**Exercise materials**
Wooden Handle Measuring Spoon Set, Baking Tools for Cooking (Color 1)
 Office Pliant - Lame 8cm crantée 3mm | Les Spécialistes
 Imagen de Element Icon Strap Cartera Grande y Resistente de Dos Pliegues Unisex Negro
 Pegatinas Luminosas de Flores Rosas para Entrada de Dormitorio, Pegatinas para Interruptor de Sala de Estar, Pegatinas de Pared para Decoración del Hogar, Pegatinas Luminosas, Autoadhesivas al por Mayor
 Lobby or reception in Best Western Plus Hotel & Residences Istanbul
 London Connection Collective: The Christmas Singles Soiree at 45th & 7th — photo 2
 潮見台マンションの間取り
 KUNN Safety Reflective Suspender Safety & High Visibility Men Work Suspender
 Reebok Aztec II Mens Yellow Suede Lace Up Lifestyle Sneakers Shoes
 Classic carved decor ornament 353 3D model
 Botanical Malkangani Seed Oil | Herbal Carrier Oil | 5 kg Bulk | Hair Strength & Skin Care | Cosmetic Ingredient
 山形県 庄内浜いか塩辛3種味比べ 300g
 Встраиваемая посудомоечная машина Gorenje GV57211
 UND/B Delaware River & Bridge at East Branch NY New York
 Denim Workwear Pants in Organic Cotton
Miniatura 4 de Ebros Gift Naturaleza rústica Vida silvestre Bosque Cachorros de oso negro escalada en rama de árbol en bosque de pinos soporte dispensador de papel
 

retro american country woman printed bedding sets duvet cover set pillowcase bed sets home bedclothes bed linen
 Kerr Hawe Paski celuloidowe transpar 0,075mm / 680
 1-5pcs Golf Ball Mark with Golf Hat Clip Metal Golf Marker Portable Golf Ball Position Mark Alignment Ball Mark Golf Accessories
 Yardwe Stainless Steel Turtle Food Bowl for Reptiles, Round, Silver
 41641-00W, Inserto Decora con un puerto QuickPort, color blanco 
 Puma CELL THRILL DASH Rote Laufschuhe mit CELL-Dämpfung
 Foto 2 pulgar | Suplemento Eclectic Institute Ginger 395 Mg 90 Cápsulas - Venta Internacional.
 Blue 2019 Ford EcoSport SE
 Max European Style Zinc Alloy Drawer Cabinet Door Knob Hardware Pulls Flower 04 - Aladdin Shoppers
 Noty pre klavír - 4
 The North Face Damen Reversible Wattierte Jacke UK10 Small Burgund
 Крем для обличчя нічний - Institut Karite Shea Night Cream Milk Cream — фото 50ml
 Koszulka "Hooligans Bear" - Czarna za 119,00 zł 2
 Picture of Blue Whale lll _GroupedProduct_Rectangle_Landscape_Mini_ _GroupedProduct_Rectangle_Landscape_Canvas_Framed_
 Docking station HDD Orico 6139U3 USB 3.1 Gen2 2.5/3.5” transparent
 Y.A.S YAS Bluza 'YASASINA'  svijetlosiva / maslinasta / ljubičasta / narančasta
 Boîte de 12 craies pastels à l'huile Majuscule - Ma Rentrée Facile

**About this exercise**
Only the stretch of lines that begins with the one holding "Docking station HDD" and ends with the last line above belongs in the answer; please write it out exactly.

**Answer section**
 Docking station HDD Orico 6139U3 USB 3.1 Gen2 2.5/3.5” transparent
 Y.A.S YAS Bluza 'YASASINA'  svijetlosiva / maslinasta / ljubičasta / narančasta
 Boîte de 12 craies pastels à l'huile Majuscule - Ma Rentrée Facile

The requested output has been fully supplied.